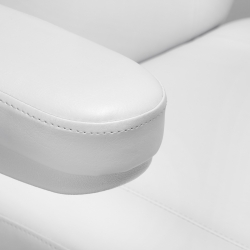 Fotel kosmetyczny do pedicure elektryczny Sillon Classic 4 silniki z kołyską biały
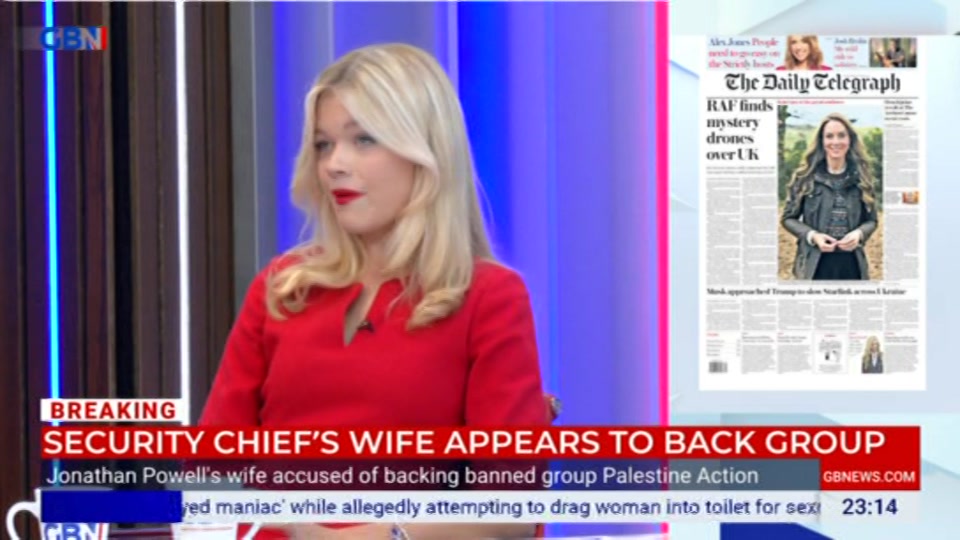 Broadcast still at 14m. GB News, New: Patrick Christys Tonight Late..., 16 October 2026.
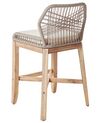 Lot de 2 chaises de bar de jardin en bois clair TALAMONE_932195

TASK GOAL —
Every line from the one containing "Broadcast still at" through the last line of the data is to be retyped exactly, with nothing added and no pictures included.

EXERCISE ANSWER —
 Broadcast still at 14m. GB News, New: Patrick Christys Tonight Late..., 16 October 2026.
 Lot de 2 chaises de bar de jardin en bois clair TALAMONE_932195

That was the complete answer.